No protesto, o que me saltou aos olhos foi o discurso proferido pelas grades e policiais que cercaram o Teatro Municipal, para proteger o patrimônio artístico dos artistas.
Há primeiro um discurso de provocação: os sete mil artistas presentes no ato não são “artistas de verdade”, que mereçam acesso ao mais tradicional teatro da cidade. Em mais de uma situação Doria Jr deixou claro que arte, para ele, não pode trazer qualquer contestação a sua figura ou dos seus companheiros: isso seria propaganda política, petismo, isto é, crime – a mesma lógica seguida por Sérgio Moro para definir o que é jornalista, o que é notícia, o que panfleto partidário petista, portanto, criminoso. Uma cidade que barra o teatro aos seus próprios artistas é uma cidade que abdicou da arte em favor da propaganda (e não é de se surpreender se em breve não abrirá suas bibliotecas para a queima de livros de autores degenerados/petistas/esquerdistas).
O segundo discurso é para o público exterior, aquele que nunca freqüenta o Municipal ou qualquer teatro, porque não se acha inteligente o suficiente (disfarçado sob o argumento de que teatro é chato), ou porque não tem dinheiro, ou por se sentir inibido de frequentar um lugar onde só há negros e periféricos como serviçais. Nesse discurso, Doria Jr tenta reforçar seu mantra de ódio e violência, ao insistir na retórica do medo do “caos”: os artistas, esses esquerdistas que mamam na teta do Estado em troca de ações gratuitas na periferia, são perigosos, são violentos, são “fascistas” (como disse o próprio Sturm, indignado de não ser obedecido bovinamente, como fazem seus funcionários temerosos de perder o emprego), e estão dispostos a destruir o patrimônio público se o prefeito e a polícia não intervierem.
Doria acha que por ter a grande imprensa publicitária fechada com ele, pode tratorar autoritariamente as leis e a sociedade civil. Não percebeu que o fôlego da pós-verdade que o elegeu lentamente se esvai – como comprovaram as manifestações de 26 de março dos seus partidários, que juntaram, em São Paulo, menos gente que o samba de Santa Cecília ou do Bixiga. Ao mexer com a classe artística e classe média, o grileiro de terras gourmet queima pontes do seu partido com setores importantes da sociedade, e ingenuamente crê ser capaz de domesticar ou aniquilar a arte – pois ele sabe do seu perigo, como comentei em minha última crônica.

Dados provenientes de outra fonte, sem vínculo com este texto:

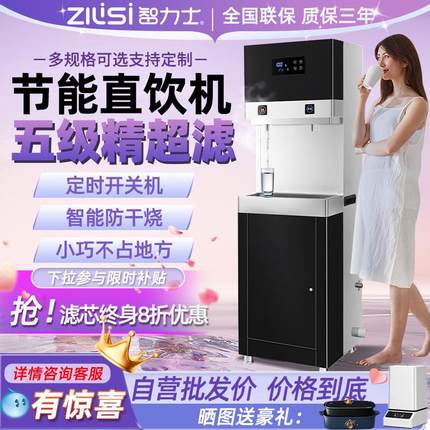大型净水器商用直饮加热一体机工厂办公室用自来水过滤立式饮水机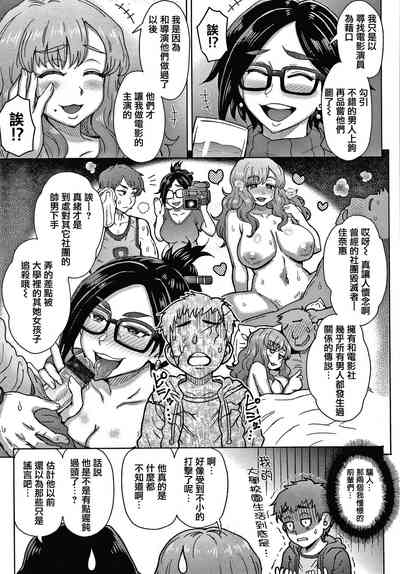 第68頁圖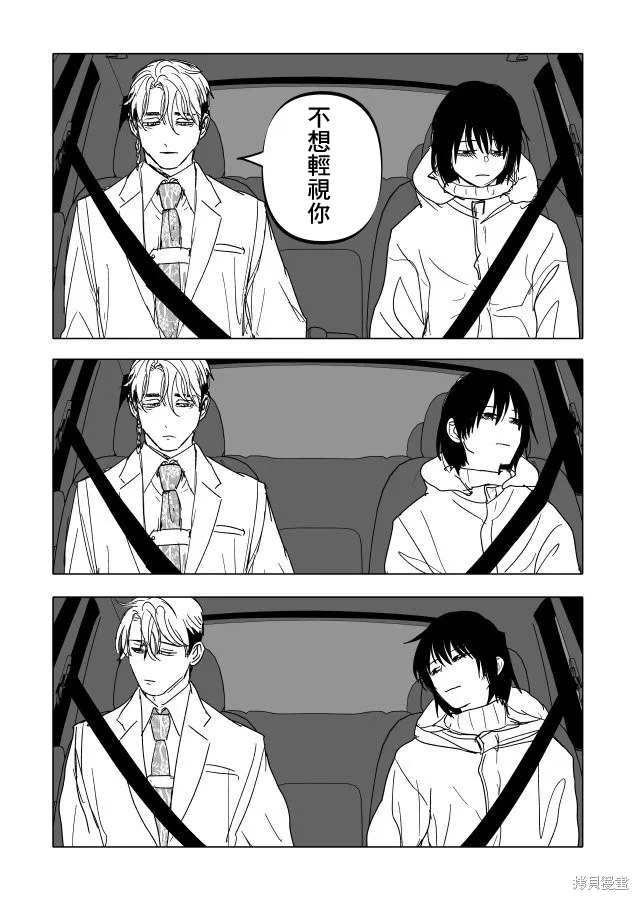 第22.2话 第28页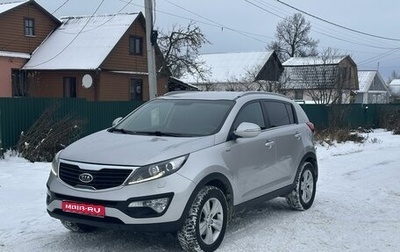 KIA Sportage III, 2011 год, 1 480 000 рублей, 1 фотография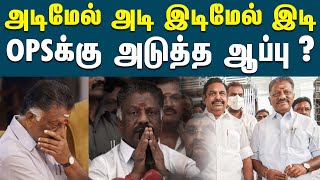 OPSக்கு எல்லாப்பக்கத்திலிருந்தும் ஆப்பு? | OPS VS EPS | ADMK Case | General Body Case | Edappadi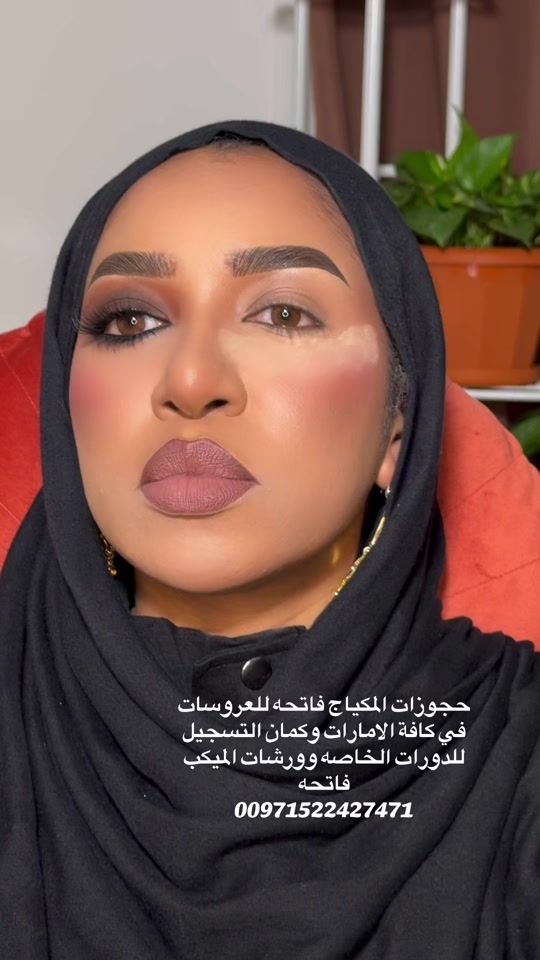 TikTok video thumbnail by samahsayed_mua
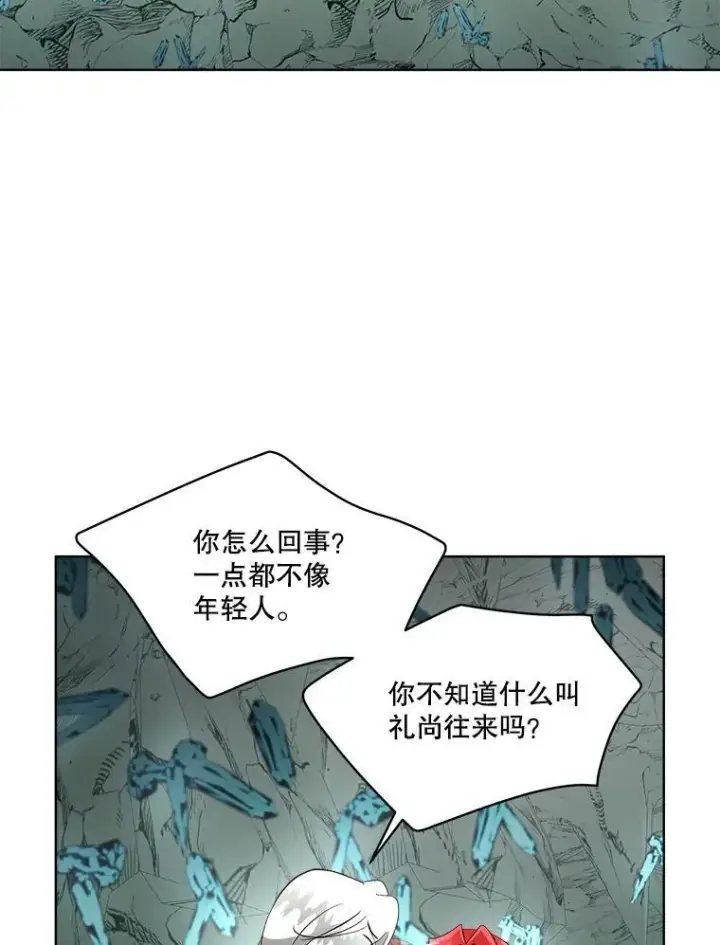 漫画《临时保护我方男主》49.守护神的愿望第40张图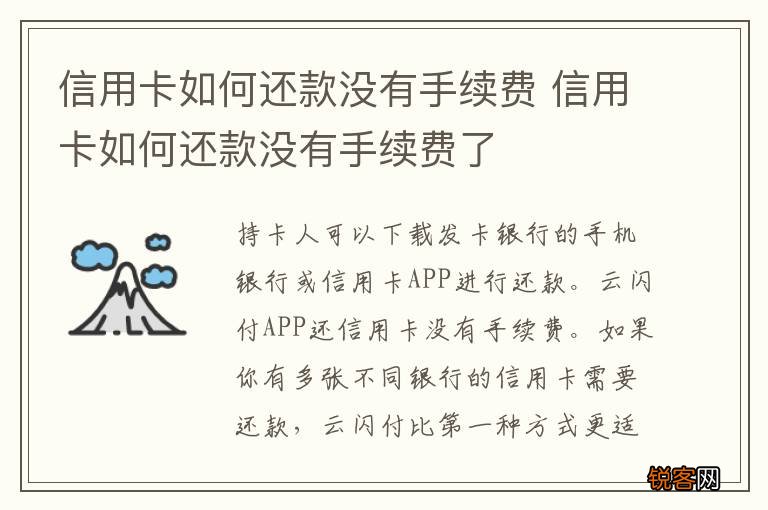 信用卡如何还款没有手续费 信用卡如何还款没有手续费了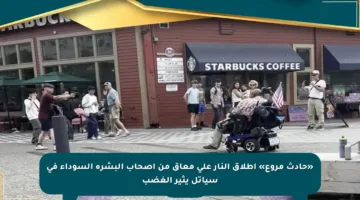 «حادث مروع» إطلاق النار على معاق من أصحاب البشرة السوداء في سياتل يثير الغضب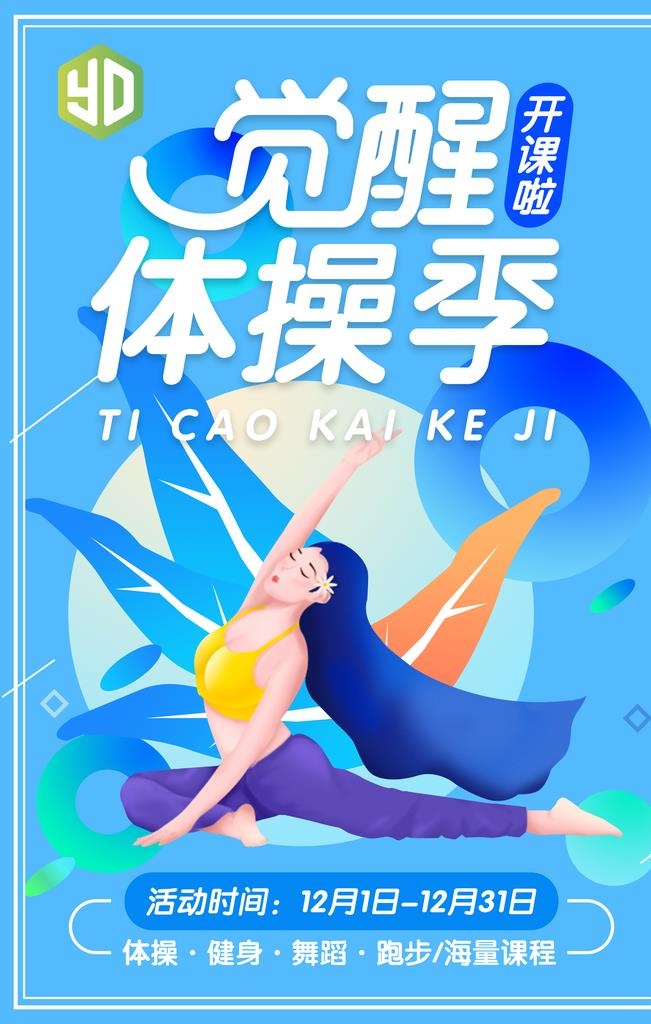体操海报图片(3543x5315)psd模版下载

A falta de tato do prefeito conseguiu a proeza de unir uma classe afeita a disputas mil em torno de picuinhas mínimas (motivadas, não raro, por egos máximos). A questão é se a classe artística conseguirá manter a mobilização e angariar apoio da população, e se, a partir disso, é capaz de ir além de uma postura reativa e conseguir se impôr e impôr avanços na forma como a arte e a cultura são tratados pelo Estado e pela “opinião pública” (leia-se Grande Imprensa publicitária). Vivemos tempos sombrios, mas a mobilização dos artistas de São Paulo dá alguma esperança de não apenas reverter a marcha em curso do nazi-fascista tupiniquim (o “finanfascismo” do século XXI) no curto prazo, como trazer avanços democráticos no médio prazo.

29 de março de 2017
PS: ainda não entendo o porquê de não haver um movimento de boicote ao estabelecimento do senhor Sturrm, ou ao menos panfletagem intensiva na porta do seu cinema. Esses gestores que não são políticos (ainda que lucrem muito com a política) costumam se condoer de qualquer causa quando lhes cutucam o bolso.